Ed Parish Sanders  (April 18, 1937 – November 21, 2022) was an American New Testament scholar and a principal proponent of the "New Perspective on Paul". He was a major scholar in the scholarship on the historical Jesus and contributed to the view that Jesus was part of a renewal movement within Judaism. Sanders identified himself as a "liberal, modern, secularized Protestant" in his book Jesus and Judaism; fellow scholar John P. Meier called him a postliberal Protestant. He was Arts and Sciences Professor of Religion at Duke University, North Carolina from 1990 until his retirement in 2005.

Sanders was a Fellow of the British Academy. In 1966, he received a Doctor of Theology degree from Union Theological Seminary in New York City. In 1990, he received a Doctor of Letters degree from the University of Oxford and a Doctor of Theology degree from the University of Helsinki. He authored, co-authored, or edited 13 books and numerous articles. He received a number of prizes, including the 1990 University of Louisville and Louisville Presbyterian Theological Seminary Grawemeyer Award for the best book on religion, Jesus and Judaism (Fortress Press, 1985).

Biography 
Sanders was born on April 18, 1937, in Grand Prairie, Texas. He attended Texas Wesleyan College (1955–1959) and Perkins School of Theology at Southern Methodist University (1959–1962).
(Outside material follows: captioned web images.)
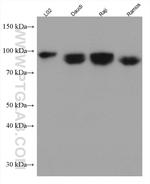ICAM-1 Antibody in Western Blot (WB)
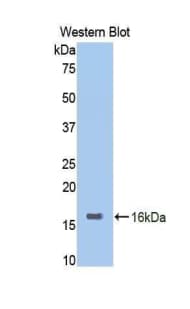 AOC1 Antibody (aa335-453)
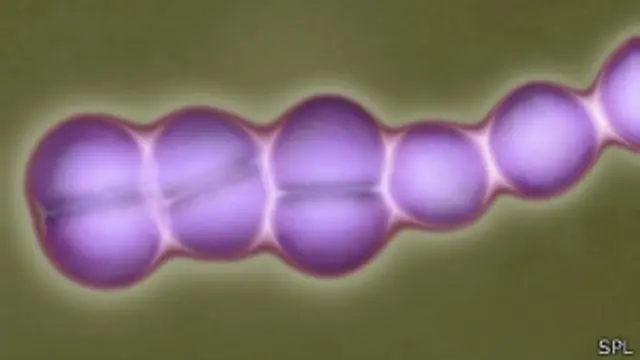 Durante décadas los científicos han advertido que con el uso generalizado de los fármacos en la producción ganadera las bacterias podrían hacerse resistentes a ellos.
He spent a year (1962–1963) studying at Göttingen, the University of Oxford, and in Jerusalem.

Between September 1963 and May 1966, Sanders studied at Union Theological Seminary, New York City, for his Doctor of Theology degree. His thesis was titled The Tendencies of the Synoptic Tradition (published in 1969 by Cambridge University Press; reprinted by Wipf & Stock in 2000), which used form criticism to examine whether the Gospel tradition changed in consistent ways. The thesis was supervised by W. D. Davies.

Sanders taught at McMaster University (Hamilton, Ontario) from 1966 to 1984. In 1968 he won a fellowship from the Canada Council and spent a year in Israel, studying Rabbinic Judaism.

In 1984, he became Dean Ireland's Professor of the Exegesis of Holy Scripture at the University of Oxford and a Fellow of Queen's College, positions he kept until his move to Duke University in 1990. He also held visiting professorships and lectureships at Trinity College, Dublin, and the University of Cambridge. Sanders identified himself as a "liberal, modern, secularized Protestant" in his book Jesus and Judaism; fellow scholar John P. Meier called him a postliberal Protestant. In any case, he was cognizant of Albert Schweitzer's indictment of liberal theology's attempt to make Jesus in its own image, and sought to keep his religious convictions out of his scholarship.

Thought and writings 
Sanders was known for his New Testament scholarship. His field of special interest was Judaism and Christianity in the Greco-Roman world. He was one of the leading scholars in contemporary historical Jesus research, the so-called "Third Quest," which places Jesus firmly in the context of Judaism. In contemporary scholarship, Jesus is seen as the founder of a "renewal movement within Judaism," to use Sanders' phrase. He promotes the  predominant view that Jesus was an apocalyptic prophet.

Sanders' first major book was Paul and Palestinian Judaism, which was published in 1977. He had written the book by 1975, but had difficulty in having it published.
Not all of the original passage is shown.